WHAT THE EXERCISE ASKS:
Nothing but the lines below from the one with "13 Reasons Why's" through the one with "Marble Slab Creamery" should be output, each exactly as given, and no pictures.

- Opening Delimiter -

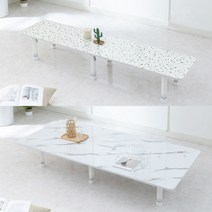 이반가구 접이식 대형 칼라테이블 식탁 사각형 집들이상 손님상, 칼라테이블 1600x400, 망펄비치, 4단
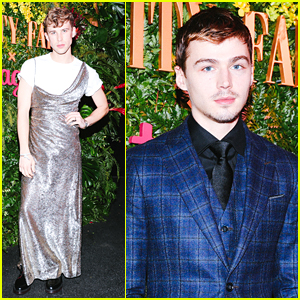 13 Reasons Why's Tommy Dorfman Rocks a Dress at Pre-Golden Globes Party
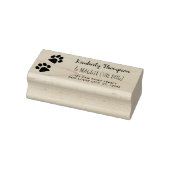 Neue Adresse drucken Niedliche Rücksendeadresse üb Gummistempel (Stempel)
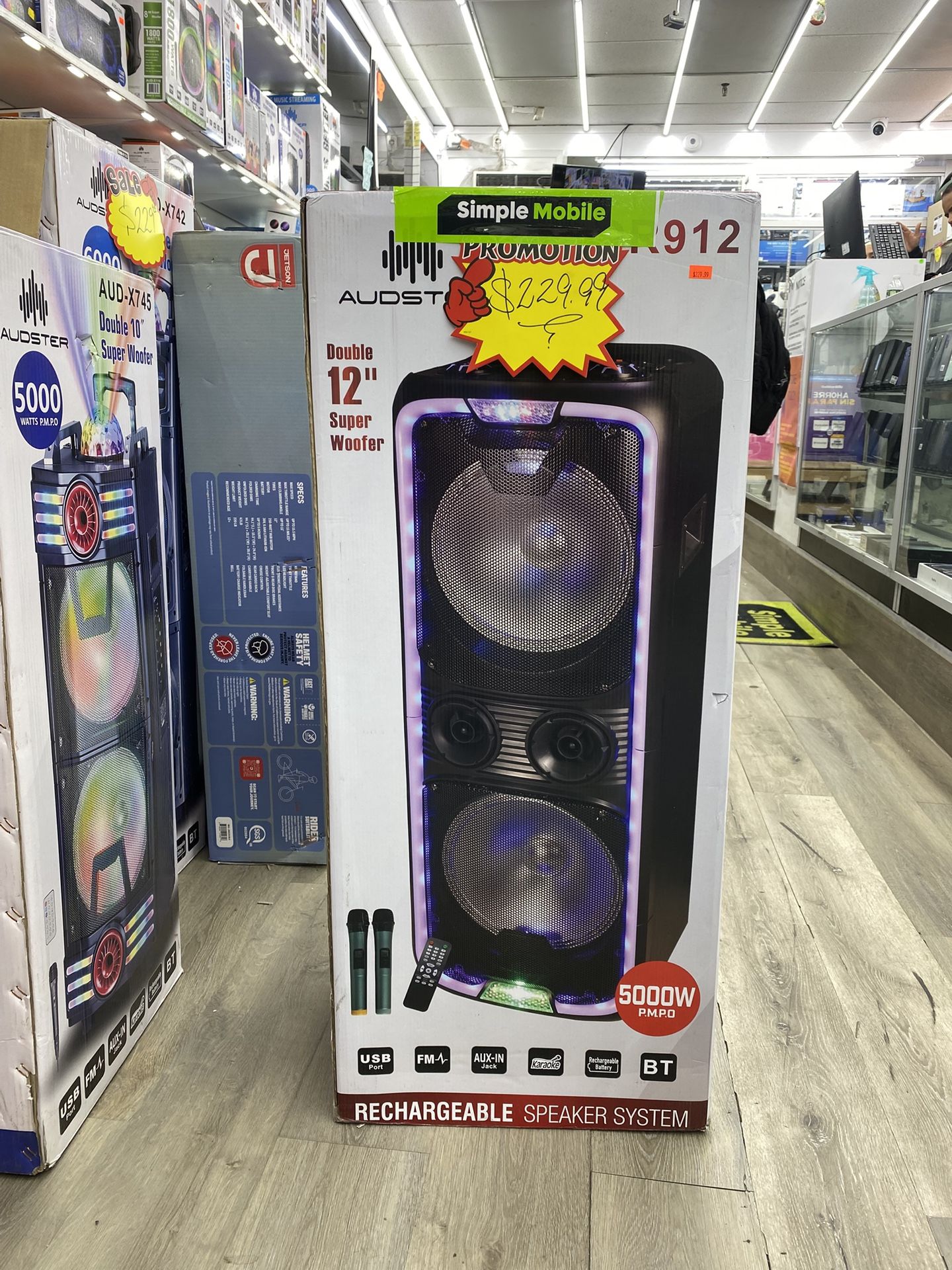DR912 AUDSTER RECHARGEABLE SPEAKER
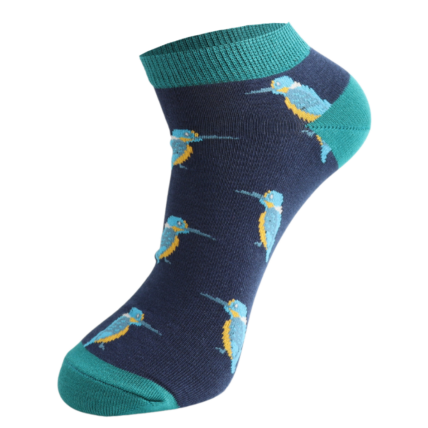 Bamboo Trainer Socks For Men - Kingfishers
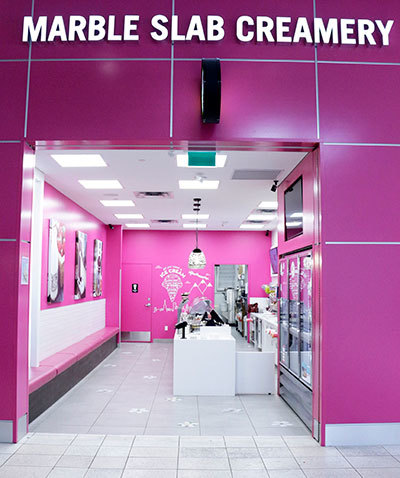 Marble Slab Creamery storefront in CF Chinook Centre, Calgary.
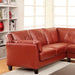 PEEVER Mahogany Red Sectional, Mahogany Red (K/D) - Imperial Furniture (Las Vegas, NV) - Multi Location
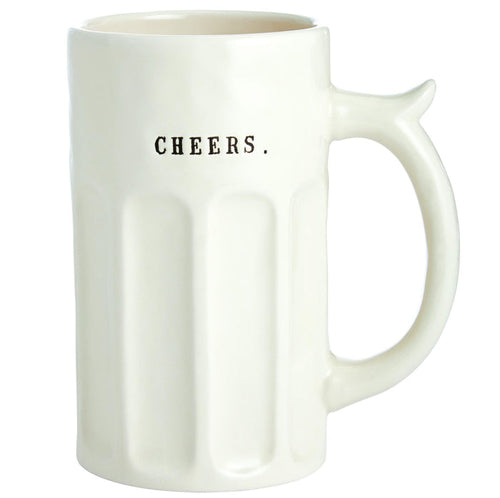 Rae Dunn Cheers Beer Stein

- Closing Delimiter -

ANSWER TO THIS PROBLEM:
 13 Reasons Why's Tommy Dorfman Rocks a Dress at Pre-Golden Globes Party
 Neue Adresse drucken Niedliche Rücksendeadresse üb Gummistempel (Stempel)
DR912 AUDSTER RECHARGEABLE SPEAKER
 Bamboo Trainer Socks For Men - Kingfishers
 Marble Slab Creamery storefront in CF Chinook Centre, Calgary.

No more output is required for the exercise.